Four of the original group came to visit London this month at the School of Oriental and African Studies (SOAS) to speak about their book, spread their message and take questions from the audience who were quite intrigued as to the catchy title and focus of this interesting social project.

The four young and bright women who attended were the Lebanese Dala Ghandour, the Tunisian Emna BenYedder, the Kuwaiti Muna Al Bulushi and the Libyan Samah El Meri. (The original group also hails from Bahrain, Palestine (West Bank and Gaza), Yemen, Egypt, Algeria, Jordan and Morocco.)

Each took ten minutes to relay her contribution to the publication; and, more importantly, what she is doing in her own country today to create a personal difference - within the wider collective efforts on the ground - to push for the decisive transformations so much needed in the Arab world.

Ghandour, for example, is a qualified lawyer specializing in family status law and a certified mediator. Since 2009, she has worked to develop mediation culture and believes in its power to resolve conflict and restore relationships. Interested mainly in empowering youth and women to participate in political process, she ran as an independent candidate for the Beirut municipality elections. She believes that “politics should not be left to the politicians!”

Ben Yedder, whose professional career role is a manager in Mergers and Acquisitions at SWICORP, has helped start an NGO in Tunisia. Her ACT – Think and Decide project focuses on raising political awareness among citizen and to encourage civil society participation in in the democratic transition process and constitutional writing process. She is also a founding member of the Citizens Association of Carthage, a resident association to foster local governance.

Al Buloushi is a middle school Arabic and English language teacher in Kuwait. She is interested in improving relations between the government and the National Assembly; and, to promote more inclusive political institutions as well as helping youngsters to understand their civic rights.

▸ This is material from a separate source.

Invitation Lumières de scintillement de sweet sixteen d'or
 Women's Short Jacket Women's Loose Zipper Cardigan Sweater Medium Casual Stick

Her mantra is: “The development of a country comes from the development of the individual.”

Last but not least is Elmeri. Upon the liberation of her hometown Tripoli, she became involved in civil society activities and volunteered in NGO’s with a focus on women’s issues. In June 2012, she was in charge of media monitoring of the first Libyan elections, working with the European Union Election Assessment team. Today, she is with Creative Associates International in LIbay and working on their Libya Community Driven Grants Program, as their Communications person.

All four insist that the Revolution by Love project is about harnessing the beauty and force of ‘personal engagement’ and the courage to seize the opportunities that are borne out of passion and respect for one’s people and country. They are also realistic that even with their open hearts and deep motivation, the desired seismic shifts can only happen one person, one day and one job at a time.

The book covers other issues besides the politics, that include the very important role of education and ambition for Arab youths, the religion that determines the character of the populations as well as ethnic traditions, family life, social media and the actual struggles of the Arab Spring.

As their publisher, Professor Stephen Parks, who oversaw the whole project, explained: “I wanted to provide a venue for these citizens to speak about their work at a time when US politics wants to mimimise the humanity of individuals from the MENA region.

“As a teacher, I wanted to work with them them to use the power of print and digital media to influence public debate about democratic politics; and, to ultimately use their stories to inspire their own local efforts to expand democracy back at home and here in the United States.”

The team wishes to invite other youths to join forces with them and declare their commitment to be a part of their communities and help in any way possible to realize the dreams of the generations that don’t’ wish to be forgotten.

At the moment, they are also considering translating the book in Arabic and to find a distributor in the MENA region, as well as planning for more volumes with newer voices constantly turning.